• Instructions for the task: Print every one of the records verbatim, omitting nothing.

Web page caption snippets
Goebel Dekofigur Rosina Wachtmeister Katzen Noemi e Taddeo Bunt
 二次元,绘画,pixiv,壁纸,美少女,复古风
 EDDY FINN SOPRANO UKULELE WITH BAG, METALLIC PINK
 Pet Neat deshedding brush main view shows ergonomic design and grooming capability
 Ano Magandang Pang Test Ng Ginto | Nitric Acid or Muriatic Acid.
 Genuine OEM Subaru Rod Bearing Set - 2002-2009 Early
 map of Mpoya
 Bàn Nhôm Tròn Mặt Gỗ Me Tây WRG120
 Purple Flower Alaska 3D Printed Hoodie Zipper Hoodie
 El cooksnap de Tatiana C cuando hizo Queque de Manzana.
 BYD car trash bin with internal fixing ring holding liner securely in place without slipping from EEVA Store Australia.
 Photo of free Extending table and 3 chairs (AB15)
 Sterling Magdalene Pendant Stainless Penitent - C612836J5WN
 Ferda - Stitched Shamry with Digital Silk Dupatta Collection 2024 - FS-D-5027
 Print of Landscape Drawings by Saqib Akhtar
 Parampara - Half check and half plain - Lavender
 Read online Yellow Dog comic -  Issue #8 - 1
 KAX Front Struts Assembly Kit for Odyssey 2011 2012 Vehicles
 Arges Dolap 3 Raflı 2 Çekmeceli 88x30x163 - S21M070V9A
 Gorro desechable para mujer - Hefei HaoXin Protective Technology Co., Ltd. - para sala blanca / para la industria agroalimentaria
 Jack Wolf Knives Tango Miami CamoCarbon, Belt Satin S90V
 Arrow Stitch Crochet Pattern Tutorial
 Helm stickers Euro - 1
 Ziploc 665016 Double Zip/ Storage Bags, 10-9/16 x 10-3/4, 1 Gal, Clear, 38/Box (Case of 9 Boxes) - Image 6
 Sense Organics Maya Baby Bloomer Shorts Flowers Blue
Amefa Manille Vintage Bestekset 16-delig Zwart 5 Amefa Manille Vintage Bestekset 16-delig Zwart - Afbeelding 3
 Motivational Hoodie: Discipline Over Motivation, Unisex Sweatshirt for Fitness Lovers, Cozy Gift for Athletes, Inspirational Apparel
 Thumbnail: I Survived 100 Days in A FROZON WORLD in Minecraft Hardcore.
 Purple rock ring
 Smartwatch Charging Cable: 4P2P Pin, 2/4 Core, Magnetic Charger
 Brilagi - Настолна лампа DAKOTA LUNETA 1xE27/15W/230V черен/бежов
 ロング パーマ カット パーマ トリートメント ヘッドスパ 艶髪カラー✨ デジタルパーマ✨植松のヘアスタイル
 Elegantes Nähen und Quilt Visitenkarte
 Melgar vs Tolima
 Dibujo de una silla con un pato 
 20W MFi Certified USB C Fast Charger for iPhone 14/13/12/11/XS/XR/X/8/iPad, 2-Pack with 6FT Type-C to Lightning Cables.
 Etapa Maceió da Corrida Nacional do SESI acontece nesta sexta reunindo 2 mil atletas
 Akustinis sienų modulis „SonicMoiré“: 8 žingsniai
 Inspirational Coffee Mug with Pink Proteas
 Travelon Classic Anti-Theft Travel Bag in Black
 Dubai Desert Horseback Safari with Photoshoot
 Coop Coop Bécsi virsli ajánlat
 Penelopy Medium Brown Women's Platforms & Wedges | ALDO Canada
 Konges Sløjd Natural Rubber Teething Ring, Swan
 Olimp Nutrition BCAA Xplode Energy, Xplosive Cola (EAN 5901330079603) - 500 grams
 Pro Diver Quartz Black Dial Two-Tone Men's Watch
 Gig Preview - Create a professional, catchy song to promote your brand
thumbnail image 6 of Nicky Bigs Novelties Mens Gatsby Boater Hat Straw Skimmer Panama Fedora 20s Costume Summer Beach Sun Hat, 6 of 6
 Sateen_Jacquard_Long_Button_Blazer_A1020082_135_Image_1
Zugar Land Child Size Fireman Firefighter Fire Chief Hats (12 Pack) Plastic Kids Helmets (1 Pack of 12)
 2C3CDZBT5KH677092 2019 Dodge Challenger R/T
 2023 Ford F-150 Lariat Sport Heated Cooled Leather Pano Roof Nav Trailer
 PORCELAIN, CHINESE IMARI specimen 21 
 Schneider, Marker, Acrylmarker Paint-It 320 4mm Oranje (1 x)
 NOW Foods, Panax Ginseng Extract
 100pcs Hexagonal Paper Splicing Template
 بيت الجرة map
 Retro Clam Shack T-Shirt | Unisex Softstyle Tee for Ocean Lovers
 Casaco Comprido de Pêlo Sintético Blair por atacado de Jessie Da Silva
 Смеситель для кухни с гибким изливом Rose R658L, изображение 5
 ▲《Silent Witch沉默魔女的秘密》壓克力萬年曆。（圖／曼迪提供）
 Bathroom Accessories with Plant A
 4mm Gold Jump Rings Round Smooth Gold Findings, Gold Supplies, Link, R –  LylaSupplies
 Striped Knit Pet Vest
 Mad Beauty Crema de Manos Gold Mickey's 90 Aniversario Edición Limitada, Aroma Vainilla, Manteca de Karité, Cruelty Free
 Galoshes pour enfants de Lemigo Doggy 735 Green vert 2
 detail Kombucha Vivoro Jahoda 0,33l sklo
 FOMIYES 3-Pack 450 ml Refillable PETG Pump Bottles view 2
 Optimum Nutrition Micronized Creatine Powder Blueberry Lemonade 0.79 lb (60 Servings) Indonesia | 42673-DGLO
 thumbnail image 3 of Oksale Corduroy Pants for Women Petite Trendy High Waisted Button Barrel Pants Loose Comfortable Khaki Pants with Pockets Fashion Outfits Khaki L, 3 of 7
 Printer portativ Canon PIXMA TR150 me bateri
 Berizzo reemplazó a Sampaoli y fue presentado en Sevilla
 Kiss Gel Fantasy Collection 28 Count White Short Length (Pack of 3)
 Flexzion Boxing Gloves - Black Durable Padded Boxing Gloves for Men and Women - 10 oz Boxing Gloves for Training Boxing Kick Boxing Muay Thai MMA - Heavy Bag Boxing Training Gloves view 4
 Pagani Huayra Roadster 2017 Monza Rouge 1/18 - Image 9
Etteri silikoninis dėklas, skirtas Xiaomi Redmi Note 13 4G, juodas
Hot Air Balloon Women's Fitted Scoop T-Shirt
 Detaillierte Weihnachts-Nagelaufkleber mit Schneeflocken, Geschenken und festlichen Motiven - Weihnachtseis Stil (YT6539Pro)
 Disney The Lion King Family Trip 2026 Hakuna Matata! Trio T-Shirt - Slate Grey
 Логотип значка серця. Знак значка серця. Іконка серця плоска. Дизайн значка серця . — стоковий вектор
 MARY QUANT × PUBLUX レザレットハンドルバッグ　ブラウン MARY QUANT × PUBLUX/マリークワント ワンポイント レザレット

• Solution for this problem:
Goebel Dekofigur Rosina Wachtmeister Katzen Noemi e Taddeo Bunt
 二次元,绘画,pixiv,壁纸,美少女,复古风
 EDDY FINN SOPRANO UKULELE WITH BAG, METALLIC PINK
 Pet Neat deshedding brush main view shows ergonomic design and grooming capability
 Ano Magandang Pang Test Ng Ginto | Nitric Acid or Muriatic Acid.
 Genuine OEM Subaru Rod Bearing Set - 2002-2009 Early
 map of Mpoya
 Bàn Nhôm Tròn Mặt Gỗ Me Tây WRG120
 Purple Flower Alaska 3D Printed Hoodie Zipper Hoodie
 El cooksnap de Tatiana C cuando hizo Queque de Manzana.
 BYD car trash bin with internal fixing ring holding liner securely in place without slipping from EEVA Store Australia.
 Photo of free Extending table and 3 chairs (AB15)
 Sterling Magdalene Pendant Stainless Penitent - C612836J5WN
 Ferda - Stitched Shamry with Digital Silk Dupatta Collection 2024 - FS-D-5027
 Print of Landscape Drawings by Saqib Akhtar
 Parampara - Half check and half plain - Lavender
 Read online Yellow Dog comic -  Issue #8 - 1
 KAX Front Struts Assembly Kit for Odyssey 2011 2012 Vehicles
 Arges Dolap 3 Raflı 2 Çekmeceli 88x30x163 - S21M070V9A
 Gorro desechable para mujer - Hefei HaoXin Protective Technology Co., Ltd. - para sala blanca / para la industria agroalimentaria
 Jack Wolf Knives Tango Miami CamoCarbon, Belt Satin S90V
 Arrow Stitch Crochet Pattern Tutorial
 Helm stickers Euro - 1
 Ziploc 665016 Double Zip/ Storage Bags, 10-9/16 x 10-3/4, 1 Gal, Clear, 38/Box (Case of 9 Boxes) - Image 6
 Sense Organics Maya Baby Bloomer Shorts Flowers Blue
Amefa Manille Vintage Bestekset 16-delig Zwart 5 Amefa Manille Vintage Bestekset 16-delig Zwart - Afbeelding 3
 Motivational Hoodie: Discipline Over Motivation, Unisex Sweatshirt for Fitness Lovers, Cozy Gift for Athletes, Inspirational Apparel
 Thumbnail: I Survived 100 Days in A FROZON WORLD in Minecraft Hardcore.
 Purple rock ring
 Smartwatch Charging Cable: 4P2P Pin, 2/4 Core, Magnetic Charger
 Brilagi - Настолна лампа DAKOTA LUNETA 1xE27/15W/230V черен/бежов
 ロング パーマ カット パーマ トリートメント ヘッドスパ 艶髪カラー✨ デジタルパーマ✨植松のヘアスタイル
 Elegantes Nähen und Quilt Visitenkarte
 Melgar vs Tolima
 Dibujo de una silla con un pato 
 20W MFi Certified USB C Fast Charger for iPhone 14/13/12/11/XS/XR/X/8/iPad, 2-Pack with 6FT Type-C to Lightning Cables.
 Etapa Maceió da Corrida Nacional do SESI acontece nesta sexta reunindo 2 mil atletas
 Akustinis sienų modulis „SonicMoiré“: 8 žingsniai
 Inspirational Coffee Mug with Pink Proteas
 Travelon Classic Anti-Theft Travel Bag in Black
 Dubai Desert Horseback Safari with Photoshoot
 Coop Coop Bécsi virsli ajánlat
 Penelopy Medium Brown Women's Platforms & Wedges | ALDO Canada
 Konges Sløjd Natural Rubber Teething Ring, Swan
 Olimp Nutrition BCAA Xplode Energy, Xplosive Cola (EAN 5901330079603) - 500 grams
 Pro Diver Quartz Black Dial Two-Tone Men's Watch
 Gig Preview - Create a professional, catchy song to promote your brand
thumbnail image 6 of Nicky Bigs Novelties Mens Gatsby Boater Hat Straw Skimmer Panama Fedora 20s Costume Summer Beach Sun Hat, 6 of 6
 Sateen_Jacquard_Long_Button_Blazer_A1020082_135_Image_1
Zugar Land Child Size Fireman Firefighter Fire Chief Hats (12 Pack) Plastic Kids Helmets (1 Pack of 12)
 2C3CDZBT5KH677092 2019 Dodge Challenger R/T
 2023 Ford F-150 Lariat Sport Heated Cooled Leather Pano Roof Nav Trailer
 PORCELAIN, CHINESE IMARI specimen 21 
 Schneider, Marker, Acrylmarker Paint-It 320 4mm Oranje (1 x)
 NOW Foods, Panax Ginseng Extract
 100pcs Hexagonal Paper Splicing Template
 بيت الجرة map
 Retro Clam Shack T-Shirt | Unisex Softstyle Tee for Ocean Lovers
 Casaco Comprido de Pêlo Sintético Blair por atacado de Jessie Da Silva
 Смеситель для кухни с гибким изливом Rose R658L, изображение 5
 ▲《Silent Witch沉默魔女的秘密》壓克力萬年曆。（圖／曼迪提供）
 Bathroom Accessories with Plant A
 4mm Gold Jump Rings Round Smooth Gold Findings, Gold Supplies, Link, R –  LylaSupplies
 Striped Knit Pet Vest
 Mad Beauty Crema de Manos Gold Mickey's 90 Aniversario Edición Limitada, Aroma Vainilla, Manteca de Karité, Cruelty Free
 Galoshes pour enfants de Lemigo Doggy 735 Green vert 2
 detail Kombucha Vivoro Jahoda 0,33l sklo
 FOMIYES 3-Pack 450 ml Refillable PETG Pump Bottles view 2
 Optimum Nutrition Micronized Creatine Powder Blueberry Lemonade 0.79 lb (60 Servings) Indonesia | 42673-DGLO
 thumbnail image 3 of Oksale Corduroy Pants for Women Petite Trendy High Waisted Button Barrel Pants Loose Comfortable Khaki Pants with Pockets Fashion Outfits Khaki L, 3 of 7
 Printer portativ Canon PIXMA TR150 me bateri
 Berizzo reemplazó a Sampaoli y fue presentado en Sevilla
 Kiss Gel Fantasy Collection 28 Count White Short Length (Pack of 3)
 Flexzion Boxing Gloves - Black Durable Padded Boxing Gloves for Men and Women - 10 oz Boxing Gloves for Training Boxing Kick Boxing Muay Thai MMA - Heavy Bag Boxing Training Gloves view 4
 Pagani Huayra Roadster 2017 Monza Rouge 1/18 - Image 9
Etteri silikoninis dėklas, skirtas Xiaomi Redmi Note 13 4G, juodas
Hot Air Balloon Women's Fitted Scoop T-Shirt
 Detaillierte Weihnachts-Nagelaufkleber mit Schneeflocken, Geschenken und festlichen Motiven - Weihnachtseis Stil (YT6539Pro)
 Disney The Lion King Family Trip 2026 Hakuna Matata! Trio T-Shirt - Slate Grey
 Логотип значка серця. Знак значка серця. Іконка серця плоска. Дизайн значка серця . — стоковий вектор
 MARY QUANT × PUBLUX レザレットハンドルバッグ　ブラウン MARY QUANT × PUBLUX/マリークワント ワンポイント レザレット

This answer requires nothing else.